I’ll never really know why it happened this way. Years later, I find myself still wondering why.
Chapter Fifteen
NO MATTER WHAT ELSE I MIGHT SAY ABOUT NETTE, I do believe that she lived in search of love and romance, and that in the end, she found the best love of her life in Zeit. Of her many husbands, he was the one she was married to longest—and that union lasted for nearly forty years.
Theirs was, to say the least, an unconventional marriage. But I like to think that much like the people who were in it, it was authentic and honest in a way that many marriages are not. Even when it was—perhaps mostly when it was—at its most uncomfortable.
Nette nodded to it herself at my sister’s wedding. That she, as a white, Jewish woman, had elected to take a Chinese husband during the 1960s was considered, at best, scandalous. At worst, it was viewed through the same ugly, racist eyes that had proclaimed my beautiful family an abomination. Either way, it was not warmly embraced.

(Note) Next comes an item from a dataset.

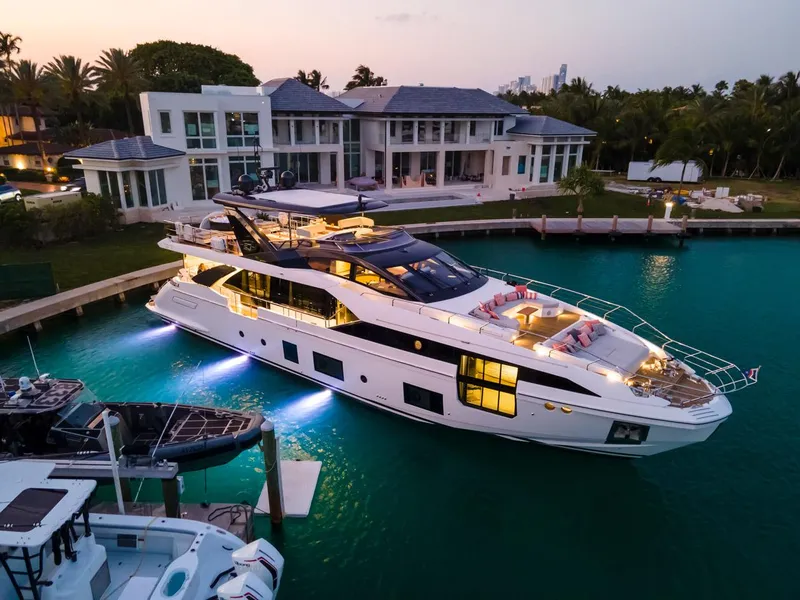 2020 Azimut 27 Metri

They were childless. They travelled the world extensively and tirelessly. They were champion ballroom dancers. Nette absolutely had attachments, emotional and sexual, to other men, which Zeit knew about and, on some level, supported.
For them, it worked, even when they were screaming at each other, hurling insults that would certainly belie the idea that love existed between the two of them. It worked. And in a society that can draw “successful” marriages at times in two-dimensional, almost cartoonish terms—always including romantic proposals, white weddings, monogamy, and some level of approval of the match and lifestyle from family and friends—Nette and Zeit defied all of the norms. And they did so without apology.
In many ways, the authenticity of their union inspires me today as I search for something that authentically works for me and my eventual partner. While I don’t wish to have the level of conflict that seemed to be an everyday energy in Nette and Zeit’s marriage, I do want to have a relationship that is about my partner and me—and not about what everyone else believes is the “right” way to do things. I’ve known only one man willing to delve into the, at times, deeply uncomfortable but honest discussions that this kind of relationship requires, and he was very special. I think it truly does take a lot more than most people realize to defy societal norms when it comes to things like marriage and family.